Gulf of Thailand — we only found one combustion source we can’t confidently explain, although it’s in the general vicinity of offshore oil platforms that are flaring gas on a regular basis, and Landsat-8 imagery indicates there may be a platform at this location:

Detail showing all Nightfire detections for March 5 – March 11 over Gulf of Thailand. All but one of these sources (see below) is persistent, occurring on multiple days; they are probably gas flares at offshore oil platforms.
Location and temperature information for the only single-night combustion source detected in the Gulf of Thailand near the expected flight path. Fire detected by VIIRS on March 8 at 18:36 GMT, 21 hours after last ATC contact with the flight.  A persistent multi-night combustion source 11 nautical miles north-northwest of this location is probably a large manned oil platform.
Western Deviation — we found three single-night combustion events detected by VIIRS in very rugged, remote, forested areas along our approximation (red line) of the supposed western deviation from the flight path:

Nightfire detections of combustion sources along the supposed western deviation (approximated by red line) from the flight path. Dark green shows large areas of thick forest.

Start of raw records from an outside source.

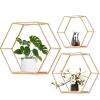 5X Hexagon Iron Wall Mount Shelves Floating Shelf Storage Rack for Small Plants Display, Golden view 2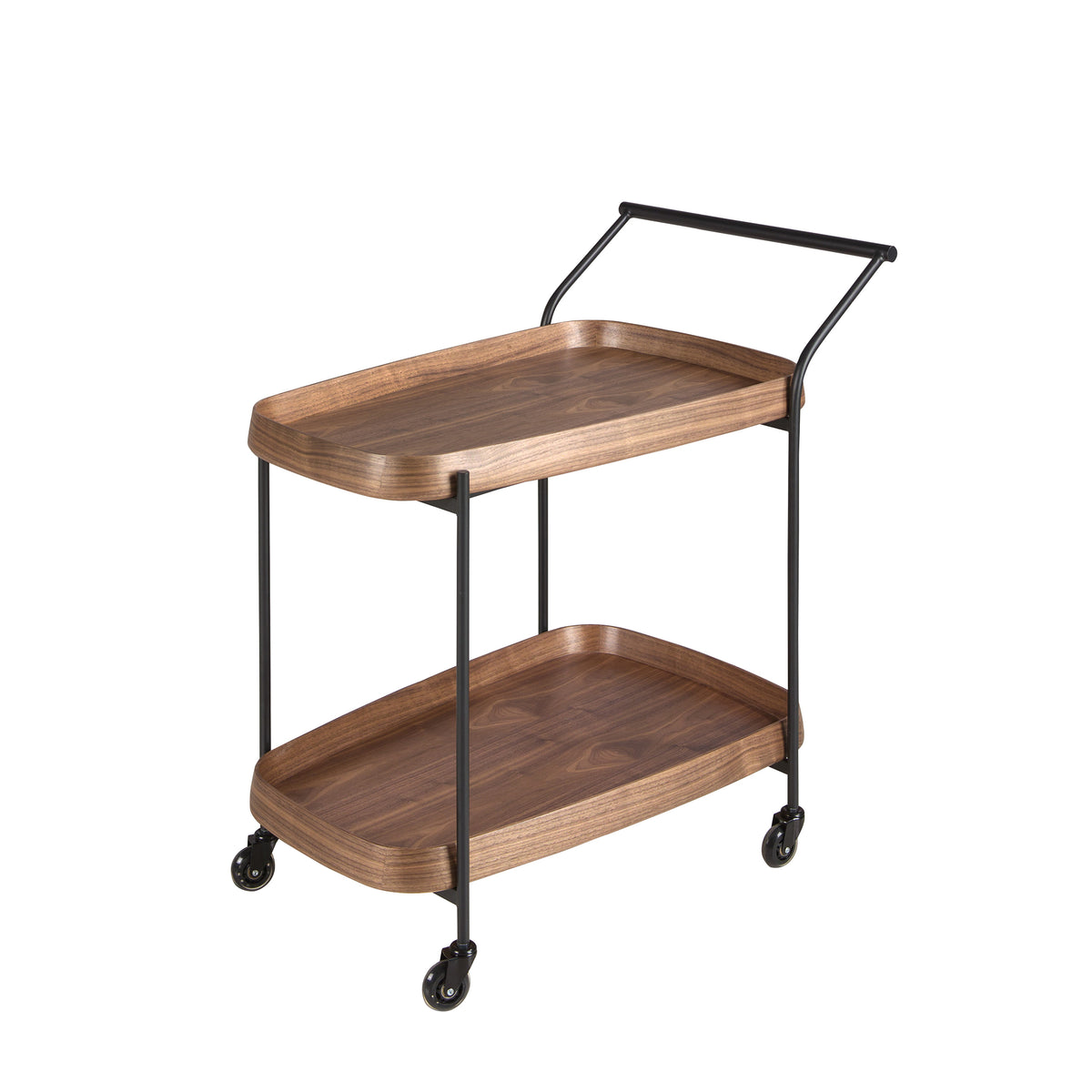 Walnut minibar trolley with black steel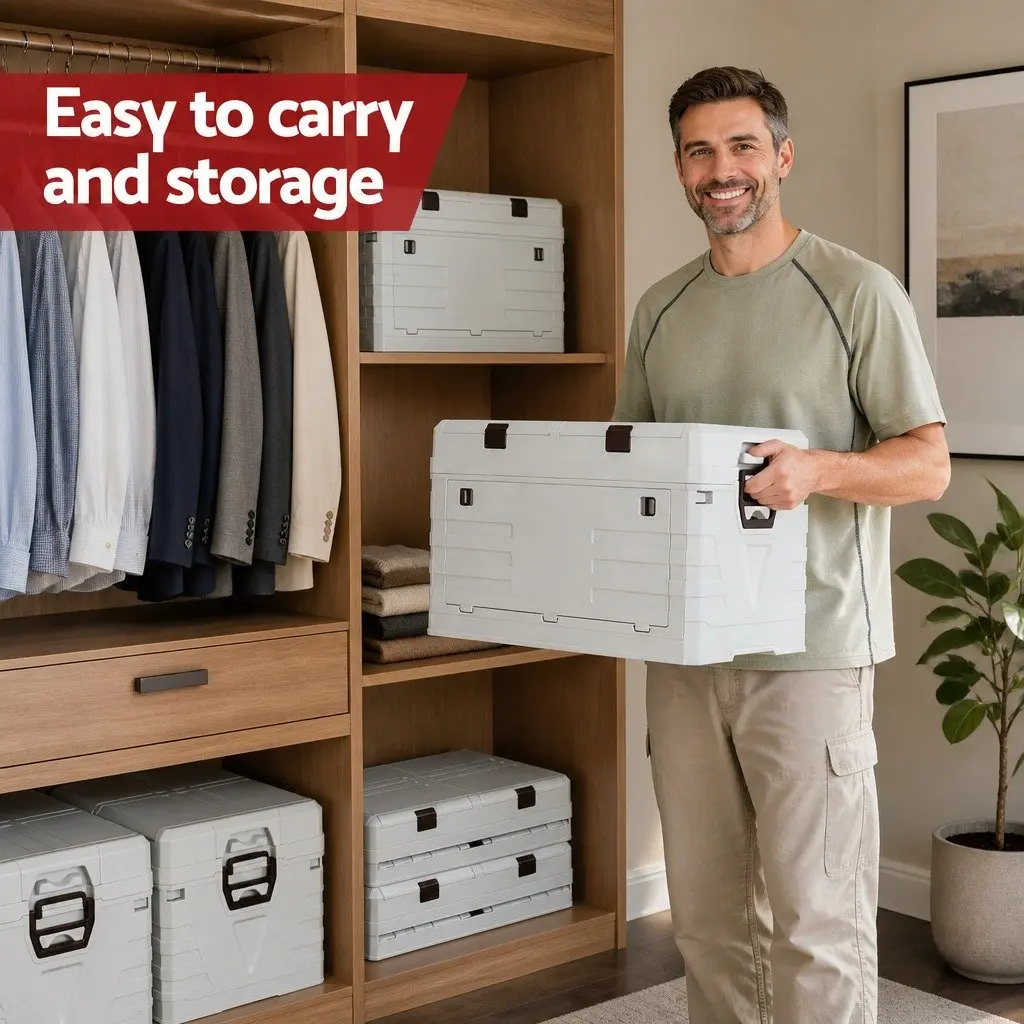 Outdoor Storage Box Collapsible Portable 40L Beige Camping Organizer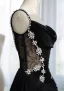 Charmant Noire Faux Diamant En Dentelle Fleur Robe De Soirée 2026 Princesse Bretelles Spaghetti Sans Manches Dos Nu Longue Soirée Robe De Ceremonie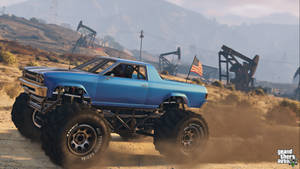 Caption: Intense Gta Blue Monster Car Wallpaper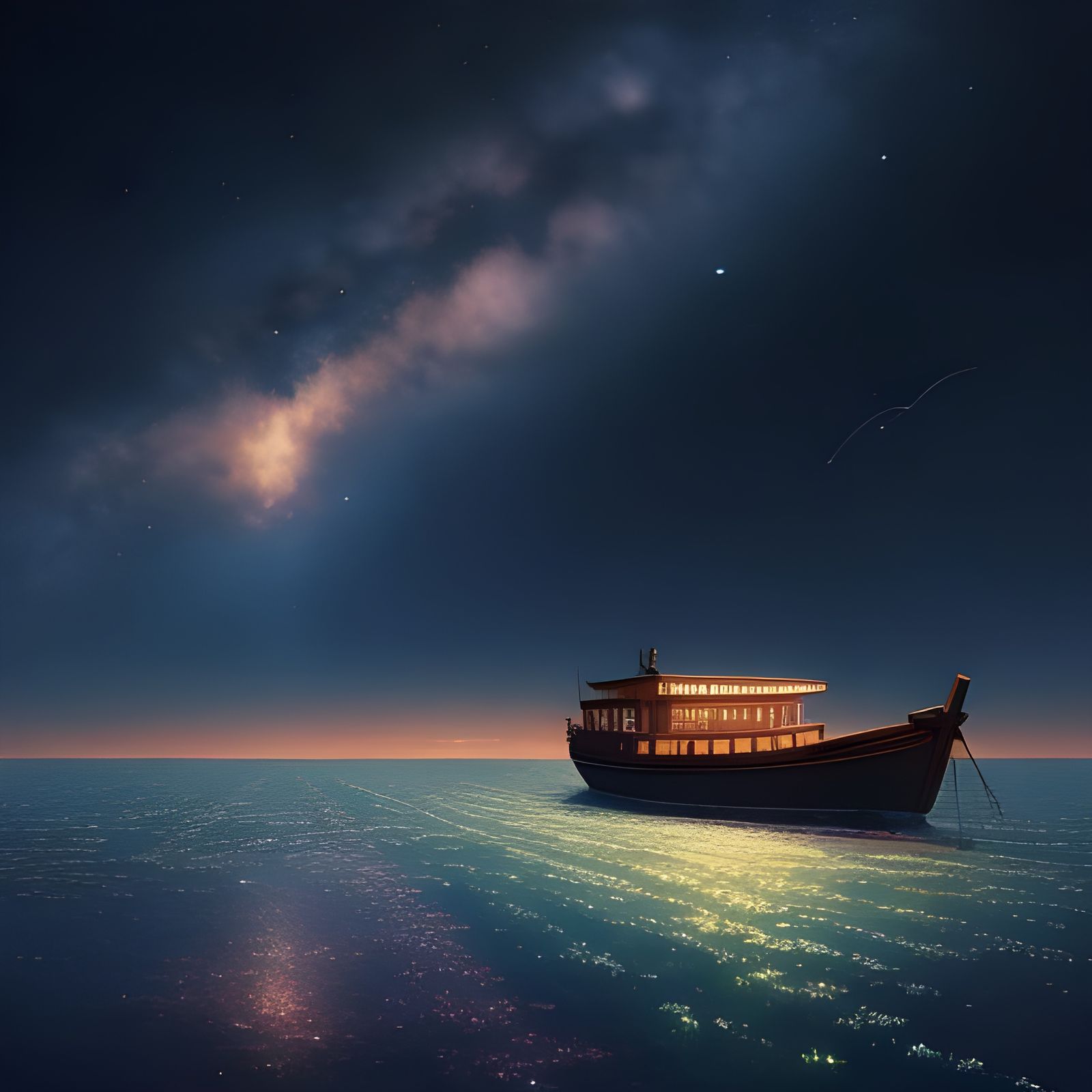 Anime Boat Under Northern Star, Ghibli Style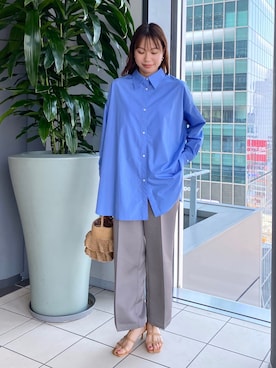「LAKOLE（ラコレ）のアイテム（チノパンツ）」を使った、yuuさん（レディース・165cm）の春コーディネート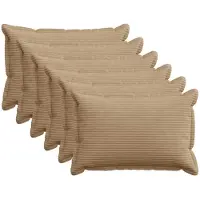 vidaXL Kussensloop 6 st HOUTEN Bruin 40 x 60 cm corduroy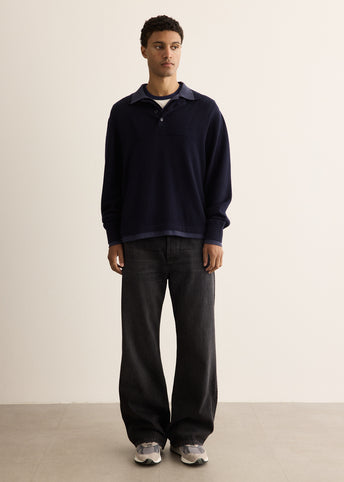 Melton Long Sleeve Double Layer Polo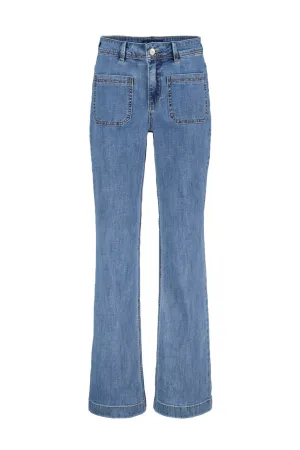 Red Button SRB4424A Colette Wide Jeans Front Patch Pockets Midstone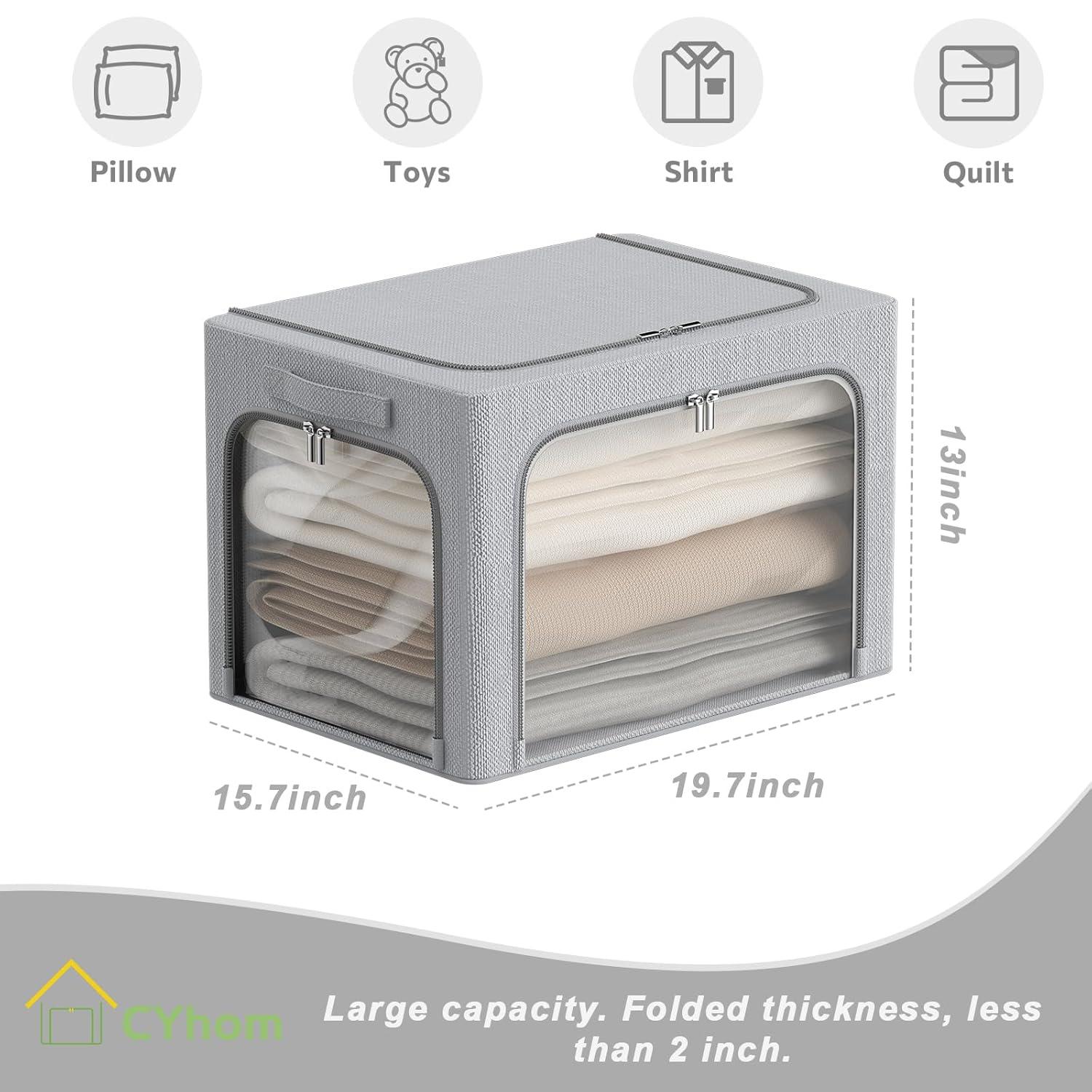 3 Openings Clothes Storage Bins With Metal Frame, Foldable Storage Bin For Clothes, Clothing Storage Bins With Lid, Linen Storage Box With Clear Window& Zippers& Durable Handles.(3 Pcs,Light Grey,40L)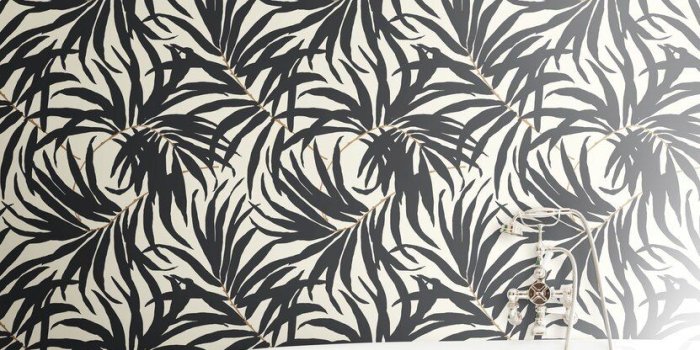 831x1200 York AT7054 Tropics Bali Leaves Wallpaper off white, medium grey, bright  yellow/green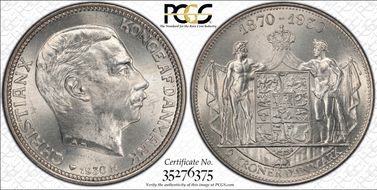 1930 NAH HS 2 Kr 60th Birthday KM-829 MS64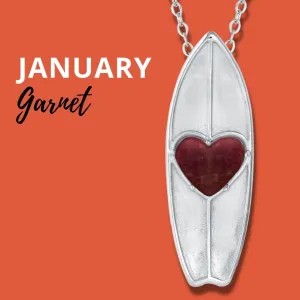 JANUARY Birthstone Surfboard Necklace in Garnet
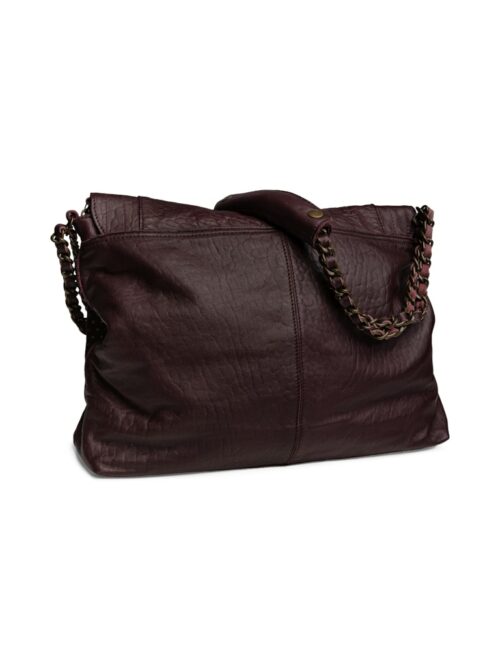 PIECES PCFELIZIA Grand Sac Cuir Tawny Port Bubble Foncé – Image 2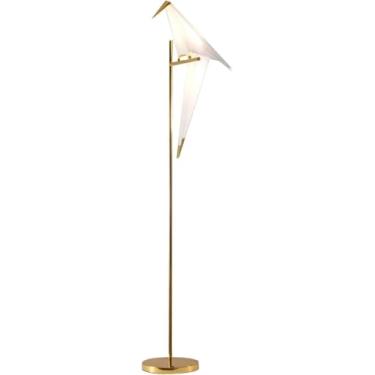Imagem de Lâmpada De Assoalho De Leitura Guindaste De Papel Moderno Pássaro Piso Lâmpada De Pé De Metal Origami Swing Bird Abajur Para Sala De Estar Quarto De Meninas Cômoda Esc, Gold,golden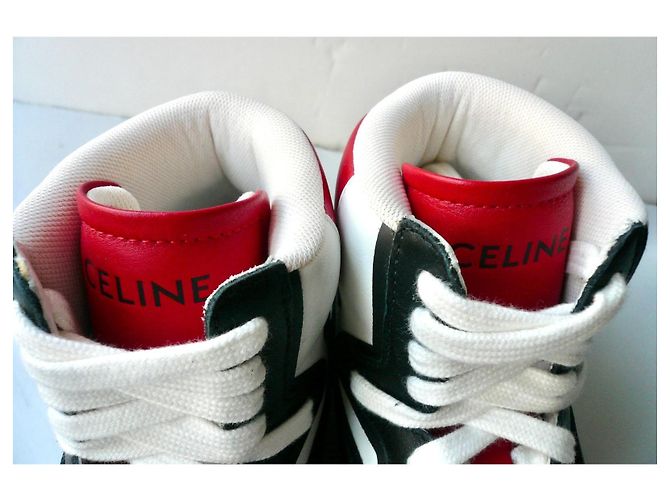 Céline Celine Sneakers alte "Z" Trainer in pelle Nero Bianco Rosso - vista 5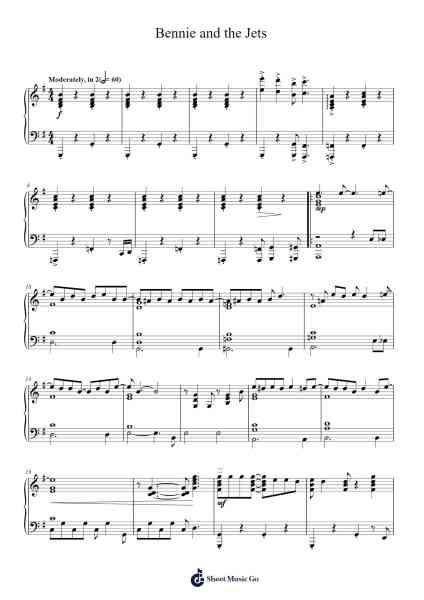 Bennie and the Jets Ноты для фортепиано от Elton John-Arr.Cugue Vebriel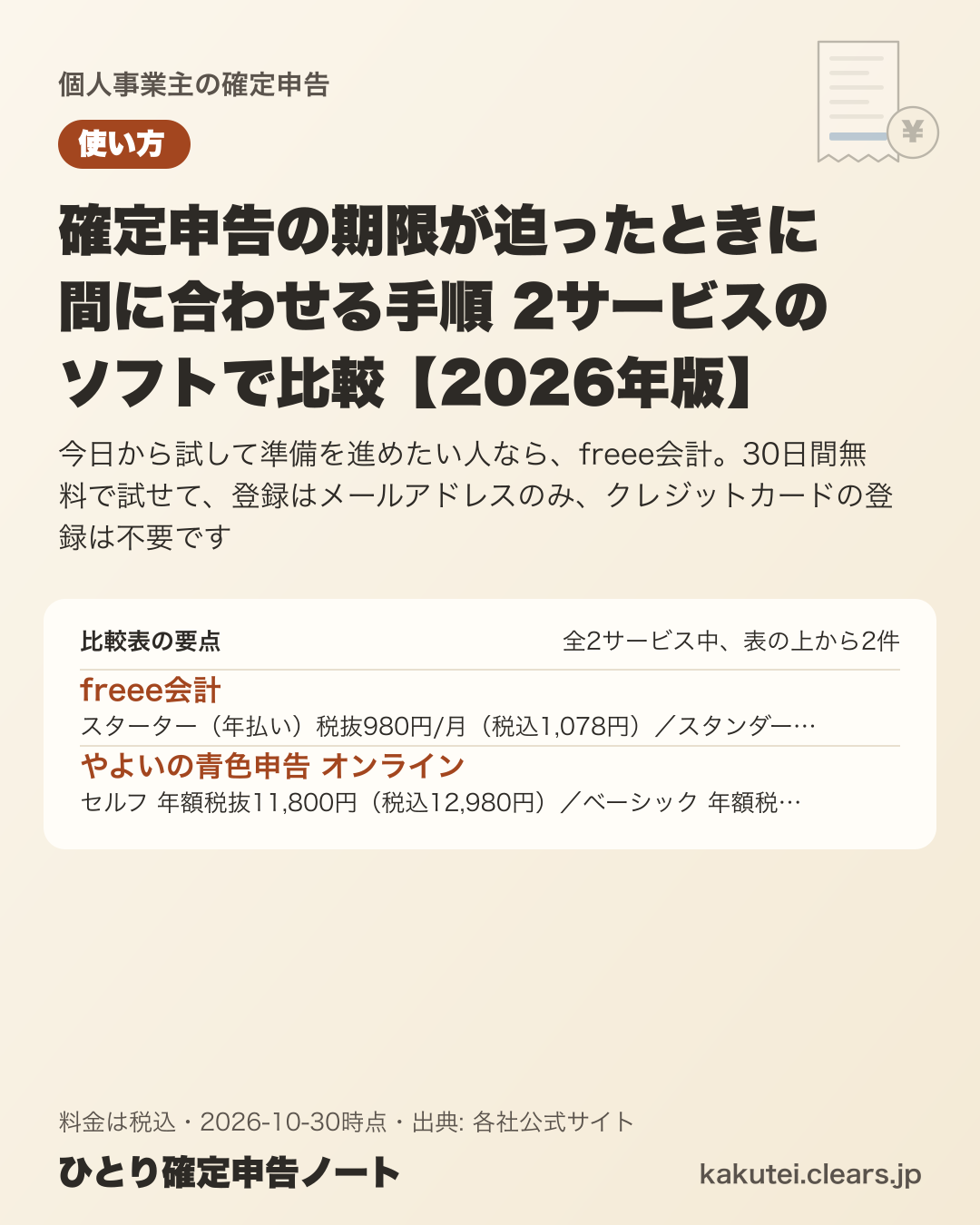 確定申告の期限が迫ったときに間に合わせる手順 2サービスのソフトで比較【2026年版】の比較表の要点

Isolated, single-night combustion source on a remote peak in rugged forested terrain of western Malaysia, detected by VIIRS on March 8 at 18:36 GMT.  See below for location.
Location and temperature information for combustion source shown above.
A second isolated, single-night combustion source in rugged forested terrain of western Malaysia, detected by VIIRS on March 9 at 18:18 GMT.  See below for location.
Location and temperature information for second combustion source, shown above.
A third single-night combustion source on a peak in rugged forested terrain of western Malaysia, detected by VIIRS on March 9 at 18:18 GMT.  See below for location.
Location and temperature information for third combustion source, shown above.


Cambodia – if Flight MH370 actually crossed the Gulf of Thailand and came down on land somewhere along the expected flight path to Beijing, there are large, remote blocks of dense forest where it could have “disappeared.”  We found several single-night combustion sources in Cambodia that meet these conditions, and show one of these below (to repeat, we have not done an exhaustive analysis, and are providing this work only as an example of what can be done with publicly available satellite data — and what we hope is being done, in a rigorous and systematic way, by the authorities conducting the search):


Nightfire detections for March 5 – March 11 along expected path of Flight MH370 (approximated by orange line) as it traveled from Kuala Lumpur to Beijing. Heavily forested areas are dark green.
Location and temperature information for a combustion source detected by VIIRS on March 8 at 18:34 GMT, on a densely forested, isolated ridge in north-central Cambodia, shown above.